In 2005, my beautiful daughter was involved in a horrible accident. She was a passenger on a motorcycle traveling at over seventy miles per hour that rear-ended a car that had turned improperly. She had to be air-lifted to the Lee County Trauma Center in Fort Myers, Florida. I got a call from the paramedic on scene telling me where to go and that it was bad. Lindsey had been thrown ninety feet and had lost her helmet. She had sustained a traumatic brain injury, fractured skull, fractured orbit, fractured nose, fractured clavicle, multiple fractures to the transverse processes in her spine, a laceration to her ear and to her leg, and road rash to her entire right side from head to toe, including her beautiful face. She was still being stabilized upon my arrival and by the time I saw her, she was unconscious and had been put on a ventilator. She didn’t even look like herself. Her little face was swollen and bruising and her forehead looked as if it would explode if the pressure wasn’t released.

After several hours passed, she was moved to ICU and the doctor came to talk to me. Incredibly, she had no life-threatening injuries. They were going to keep her in this drug-induced coma until they could see better how this brain injury would behave over the next few days. I can’t find the words, even to this day, to describe the pain and the fear that I was feeling. The ICU nurses allowed me to stay with her around the clock. She was on the ventilator for the first forty-eight hours and slowly began coming around after 3–4 days. When she did wake, she couldn’t speak. I honestly don’t think she even knew who we were. It was as if she had become like a small child, unable to do anything for herself. The doctors assured me that she was improving physically and that was evident but the mental aspect of her injuries was a toss up. Time was the only way to take measure of the extent to which she would recover.
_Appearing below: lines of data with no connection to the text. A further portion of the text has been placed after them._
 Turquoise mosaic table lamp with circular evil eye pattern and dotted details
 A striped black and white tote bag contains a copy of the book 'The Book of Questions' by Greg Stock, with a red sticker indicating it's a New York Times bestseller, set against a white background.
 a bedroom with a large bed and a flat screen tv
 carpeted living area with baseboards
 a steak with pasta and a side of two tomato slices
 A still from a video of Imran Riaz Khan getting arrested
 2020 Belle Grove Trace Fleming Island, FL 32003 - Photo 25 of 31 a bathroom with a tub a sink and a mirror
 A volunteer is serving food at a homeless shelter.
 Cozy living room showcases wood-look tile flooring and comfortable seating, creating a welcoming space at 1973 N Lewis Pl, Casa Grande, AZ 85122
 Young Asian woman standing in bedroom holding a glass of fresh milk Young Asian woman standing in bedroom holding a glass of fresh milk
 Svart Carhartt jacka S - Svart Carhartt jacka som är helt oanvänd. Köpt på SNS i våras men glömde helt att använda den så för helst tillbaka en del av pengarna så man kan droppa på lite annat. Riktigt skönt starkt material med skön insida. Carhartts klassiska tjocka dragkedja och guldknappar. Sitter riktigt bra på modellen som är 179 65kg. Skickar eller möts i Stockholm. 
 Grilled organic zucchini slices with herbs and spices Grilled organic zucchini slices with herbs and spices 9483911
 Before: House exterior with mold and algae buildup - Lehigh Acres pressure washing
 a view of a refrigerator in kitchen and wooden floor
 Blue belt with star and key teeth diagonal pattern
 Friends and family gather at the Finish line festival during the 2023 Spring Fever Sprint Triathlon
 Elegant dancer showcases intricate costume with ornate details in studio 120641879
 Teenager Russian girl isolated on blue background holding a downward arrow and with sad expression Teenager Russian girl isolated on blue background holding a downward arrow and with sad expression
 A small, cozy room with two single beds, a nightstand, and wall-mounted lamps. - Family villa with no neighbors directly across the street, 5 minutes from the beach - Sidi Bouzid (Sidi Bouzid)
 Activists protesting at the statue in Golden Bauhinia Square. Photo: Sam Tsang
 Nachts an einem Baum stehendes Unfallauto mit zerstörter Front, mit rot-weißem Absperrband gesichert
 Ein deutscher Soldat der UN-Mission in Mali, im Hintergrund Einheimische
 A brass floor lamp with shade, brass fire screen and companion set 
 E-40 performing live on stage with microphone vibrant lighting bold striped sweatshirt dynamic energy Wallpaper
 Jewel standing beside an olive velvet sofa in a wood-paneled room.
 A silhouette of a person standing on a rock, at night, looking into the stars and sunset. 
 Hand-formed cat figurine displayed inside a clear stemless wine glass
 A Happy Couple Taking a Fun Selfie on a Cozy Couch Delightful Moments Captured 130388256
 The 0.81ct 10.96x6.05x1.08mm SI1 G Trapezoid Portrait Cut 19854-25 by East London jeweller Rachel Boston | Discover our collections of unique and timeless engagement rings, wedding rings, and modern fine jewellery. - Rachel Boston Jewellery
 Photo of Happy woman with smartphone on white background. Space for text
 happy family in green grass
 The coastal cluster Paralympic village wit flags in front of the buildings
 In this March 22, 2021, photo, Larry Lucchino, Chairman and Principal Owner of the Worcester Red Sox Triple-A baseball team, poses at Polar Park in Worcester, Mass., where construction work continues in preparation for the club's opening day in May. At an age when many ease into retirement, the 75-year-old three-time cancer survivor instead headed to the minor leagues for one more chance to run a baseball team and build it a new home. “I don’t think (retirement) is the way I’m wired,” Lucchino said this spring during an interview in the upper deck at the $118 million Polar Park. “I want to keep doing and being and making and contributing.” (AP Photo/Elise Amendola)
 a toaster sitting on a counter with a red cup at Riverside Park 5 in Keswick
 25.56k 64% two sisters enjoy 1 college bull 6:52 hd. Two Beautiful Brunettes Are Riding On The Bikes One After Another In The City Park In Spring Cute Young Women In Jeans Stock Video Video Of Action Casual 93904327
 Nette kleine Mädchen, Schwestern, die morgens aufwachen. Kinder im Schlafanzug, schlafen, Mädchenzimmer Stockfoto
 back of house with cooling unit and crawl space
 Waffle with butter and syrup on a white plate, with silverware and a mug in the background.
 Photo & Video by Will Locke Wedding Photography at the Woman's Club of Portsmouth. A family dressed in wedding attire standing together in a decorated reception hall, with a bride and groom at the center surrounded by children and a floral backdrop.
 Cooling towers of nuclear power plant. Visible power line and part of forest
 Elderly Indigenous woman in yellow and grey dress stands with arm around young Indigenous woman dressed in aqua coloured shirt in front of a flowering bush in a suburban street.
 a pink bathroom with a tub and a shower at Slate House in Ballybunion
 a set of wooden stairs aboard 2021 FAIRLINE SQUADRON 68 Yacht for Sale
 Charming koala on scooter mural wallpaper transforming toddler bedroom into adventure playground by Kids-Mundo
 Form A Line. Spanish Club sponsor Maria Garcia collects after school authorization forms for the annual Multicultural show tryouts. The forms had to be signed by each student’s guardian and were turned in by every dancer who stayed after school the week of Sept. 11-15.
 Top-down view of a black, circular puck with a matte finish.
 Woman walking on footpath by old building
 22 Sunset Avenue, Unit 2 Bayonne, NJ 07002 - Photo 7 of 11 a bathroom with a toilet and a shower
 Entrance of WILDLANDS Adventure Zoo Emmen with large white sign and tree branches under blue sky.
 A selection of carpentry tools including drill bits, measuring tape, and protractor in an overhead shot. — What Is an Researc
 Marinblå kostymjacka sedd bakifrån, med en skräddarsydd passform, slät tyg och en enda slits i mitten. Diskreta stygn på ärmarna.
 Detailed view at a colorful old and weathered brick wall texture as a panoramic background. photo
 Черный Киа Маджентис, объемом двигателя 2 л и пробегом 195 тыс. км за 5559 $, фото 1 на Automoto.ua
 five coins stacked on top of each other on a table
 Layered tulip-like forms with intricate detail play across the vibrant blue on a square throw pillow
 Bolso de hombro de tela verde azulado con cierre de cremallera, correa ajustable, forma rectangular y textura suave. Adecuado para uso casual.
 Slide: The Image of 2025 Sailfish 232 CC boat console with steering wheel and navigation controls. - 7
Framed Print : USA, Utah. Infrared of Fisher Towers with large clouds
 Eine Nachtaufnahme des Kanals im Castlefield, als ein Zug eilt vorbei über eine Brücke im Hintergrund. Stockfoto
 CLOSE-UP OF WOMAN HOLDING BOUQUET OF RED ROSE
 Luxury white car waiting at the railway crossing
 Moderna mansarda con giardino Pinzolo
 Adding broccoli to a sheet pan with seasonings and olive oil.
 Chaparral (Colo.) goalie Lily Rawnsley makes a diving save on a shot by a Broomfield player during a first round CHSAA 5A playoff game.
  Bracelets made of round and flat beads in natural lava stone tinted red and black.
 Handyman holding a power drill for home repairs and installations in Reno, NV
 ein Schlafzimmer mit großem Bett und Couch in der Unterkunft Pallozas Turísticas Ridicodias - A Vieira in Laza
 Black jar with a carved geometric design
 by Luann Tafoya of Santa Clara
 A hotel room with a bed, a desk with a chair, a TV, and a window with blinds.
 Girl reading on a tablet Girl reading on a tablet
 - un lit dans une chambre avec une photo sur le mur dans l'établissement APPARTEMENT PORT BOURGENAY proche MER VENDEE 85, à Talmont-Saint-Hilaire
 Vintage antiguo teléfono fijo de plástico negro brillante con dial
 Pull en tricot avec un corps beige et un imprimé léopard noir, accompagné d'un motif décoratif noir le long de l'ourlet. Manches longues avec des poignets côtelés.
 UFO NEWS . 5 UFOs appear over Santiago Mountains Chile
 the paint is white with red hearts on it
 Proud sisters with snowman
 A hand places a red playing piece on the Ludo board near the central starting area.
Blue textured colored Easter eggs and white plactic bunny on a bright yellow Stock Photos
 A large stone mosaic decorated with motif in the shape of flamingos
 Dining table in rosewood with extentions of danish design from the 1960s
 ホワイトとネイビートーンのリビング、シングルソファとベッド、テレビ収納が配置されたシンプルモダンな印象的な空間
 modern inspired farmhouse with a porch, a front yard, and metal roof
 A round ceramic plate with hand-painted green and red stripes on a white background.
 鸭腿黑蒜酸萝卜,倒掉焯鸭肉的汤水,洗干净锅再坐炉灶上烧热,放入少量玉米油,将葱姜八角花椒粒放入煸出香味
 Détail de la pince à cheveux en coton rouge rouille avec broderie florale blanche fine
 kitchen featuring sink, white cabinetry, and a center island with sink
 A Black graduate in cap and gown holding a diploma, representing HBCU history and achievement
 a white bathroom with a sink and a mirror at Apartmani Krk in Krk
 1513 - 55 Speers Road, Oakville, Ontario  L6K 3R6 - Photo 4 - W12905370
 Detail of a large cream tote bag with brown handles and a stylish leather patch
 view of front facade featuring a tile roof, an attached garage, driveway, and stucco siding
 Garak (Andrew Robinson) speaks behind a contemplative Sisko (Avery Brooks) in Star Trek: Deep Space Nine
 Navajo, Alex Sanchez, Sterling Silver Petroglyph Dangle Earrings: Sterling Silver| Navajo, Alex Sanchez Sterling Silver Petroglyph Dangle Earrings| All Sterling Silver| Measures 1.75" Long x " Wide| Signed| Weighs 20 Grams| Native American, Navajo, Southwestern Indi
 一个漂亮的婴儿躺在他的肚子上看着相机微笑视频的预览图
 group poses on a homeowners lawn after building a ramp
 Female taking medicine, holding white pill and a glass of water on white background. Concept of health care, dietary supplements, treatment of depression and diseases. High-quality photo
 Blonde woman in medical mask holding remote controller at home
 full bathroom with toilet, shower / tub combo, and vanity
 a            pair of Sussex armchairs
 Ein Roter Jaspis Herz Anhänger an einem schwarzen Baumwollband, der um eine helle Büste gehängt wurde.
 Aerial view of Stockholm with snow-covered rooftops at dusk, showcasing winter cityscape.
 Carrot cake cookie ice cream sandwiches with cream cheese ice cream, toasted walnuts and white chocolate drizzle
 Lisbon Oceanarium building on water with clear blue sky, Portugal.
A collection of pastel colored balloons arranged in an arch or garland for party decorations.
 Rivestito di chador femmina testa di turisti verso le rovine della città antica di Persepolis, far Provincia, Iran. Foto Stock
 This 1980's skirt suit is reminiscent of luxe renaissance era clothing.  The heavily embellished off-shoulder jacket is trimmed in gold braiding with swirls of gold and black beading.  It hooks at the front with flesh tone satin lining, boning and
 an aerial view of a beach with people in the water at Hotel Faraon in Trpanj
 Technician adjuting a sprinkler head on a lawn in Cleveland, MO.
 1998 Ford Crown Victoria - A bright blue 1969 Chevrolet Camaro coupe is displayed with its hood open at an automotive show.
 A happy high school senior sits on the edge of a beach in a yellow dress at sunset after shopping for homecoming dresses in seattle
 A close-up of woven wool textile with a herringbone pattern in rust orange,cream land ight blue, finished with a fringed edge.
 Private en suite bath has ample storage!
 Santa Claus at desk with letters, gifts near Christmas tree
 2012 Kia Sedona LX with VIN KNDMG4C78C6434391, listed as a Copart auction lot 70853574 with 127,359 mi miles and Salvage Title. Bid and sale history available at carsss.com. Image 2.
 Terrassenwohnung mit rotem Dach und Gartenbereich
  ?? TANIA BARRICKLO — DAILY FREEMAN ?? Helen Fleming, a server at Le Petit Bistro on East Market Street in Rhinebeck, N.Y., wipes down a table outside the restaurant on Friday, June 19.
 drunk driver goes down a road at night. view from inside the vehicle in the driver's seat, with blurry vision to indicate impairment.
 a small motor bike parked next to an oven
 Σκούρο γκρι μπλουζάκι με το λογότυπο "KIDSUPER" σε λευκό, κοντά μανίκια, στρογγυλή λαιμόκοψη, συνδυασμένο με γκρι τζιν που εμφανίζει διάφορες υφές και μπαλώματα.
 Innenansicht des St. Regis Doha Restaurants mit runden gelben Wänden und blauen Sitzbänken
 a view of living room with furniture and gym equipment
She remained in ICU for a week and was then transferred to a step-down unit for an additional forty-eight hours where she began to experience seizure activity. There were a number of CTs run and she began a course of an anti-seizure medication. She began various therapies in the step-down unit, including physical therapy. They came to get her out of bed and into a chair. It was like trying to put a newborn into a high chair. No sense of balance and no muscle control. I again became terrified that this would be how she would spend the rest of her life, in this child-like state robbed of everything. It was very difficult to watch.

The seizures subsided and she was moved again into the rehab hospital: daily therapies, occupational, physical, and speech all day long everyday. She slowly began speaking again but her speech pattern had changed. She would use words in sentences that didn’t belong or substitute words that sounded like nonsense. After the first week, she responded well to her treatment there and was released to come home three long weeks later—but she would continue her daily therapies on an outpatient basis for several months afterward.

Today, she is fully recovered and I thank God every day for not taking her from me. She was incredibly fortunate to have survived the accident at all. I wanted to share my story because I know there are many parents that have been (and others who will be) in that horrible place that I was in. I have never felt more helpless in my life. You know your child better than any doctor ever will. Never accept “this might be as good as it gets.”